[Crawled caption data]
####################
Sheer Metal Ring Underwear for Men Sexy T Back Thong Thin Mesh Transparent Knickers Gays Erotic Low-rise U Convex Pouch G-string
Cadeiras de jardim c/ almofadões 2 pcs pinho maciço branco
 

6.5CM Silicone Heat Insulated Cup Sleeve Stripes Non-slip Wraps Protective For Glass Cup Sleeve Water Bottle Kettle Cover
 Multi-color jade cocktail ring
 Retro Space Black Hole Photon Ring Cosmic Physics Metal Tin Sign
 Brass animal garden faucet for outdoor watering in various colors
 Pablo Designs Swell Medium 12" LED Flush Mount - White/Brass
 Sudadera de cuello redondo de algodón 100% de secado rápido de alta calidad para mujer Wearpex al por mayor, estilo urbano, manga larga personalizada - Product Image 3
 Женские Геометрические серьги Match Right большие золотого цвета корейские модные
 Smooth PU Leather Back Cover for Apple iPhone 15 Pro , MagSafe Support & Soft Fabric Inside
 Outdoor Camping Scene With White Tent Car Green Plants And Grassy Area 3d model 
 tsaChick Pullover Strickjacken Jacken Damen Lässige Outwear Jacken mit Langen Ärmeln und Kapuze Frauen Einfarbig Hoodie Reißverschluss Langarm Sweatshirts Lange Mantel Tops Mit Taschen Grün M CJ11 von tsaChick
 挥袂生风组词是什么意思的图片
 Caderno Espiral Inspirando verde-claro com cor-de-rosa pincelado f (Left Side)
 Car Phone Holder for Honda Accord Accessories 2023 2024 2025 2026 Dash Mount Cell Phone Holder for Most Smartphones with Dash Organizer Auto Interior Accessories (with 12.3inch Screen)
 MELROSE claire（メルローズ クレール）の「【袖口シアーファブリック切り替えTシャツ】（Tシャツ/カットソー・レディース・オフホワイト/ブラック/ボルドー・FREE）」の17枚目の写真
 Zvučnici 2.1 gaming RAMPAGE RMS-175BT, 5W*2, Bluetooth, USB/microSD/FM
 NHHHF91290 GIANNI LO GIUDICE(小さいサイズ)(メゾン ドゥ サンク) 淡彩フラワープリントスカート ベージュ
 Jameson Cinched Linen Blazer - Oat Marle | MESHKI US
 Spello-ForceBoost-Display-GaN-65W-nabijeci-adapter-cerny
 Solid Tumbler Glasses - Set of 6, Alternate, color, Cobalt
####################
- [WHAT THE EXERCISE ASKS] The expected result is every line above containing the string "White".

- [EXPECTED OUTPUT]
 Pablo Designs Swell Medium 12" LED Flush Mount - White/Brass
 Outdoor Camping Scene With White Tent Car Green Plants And Grassy Area 3d model 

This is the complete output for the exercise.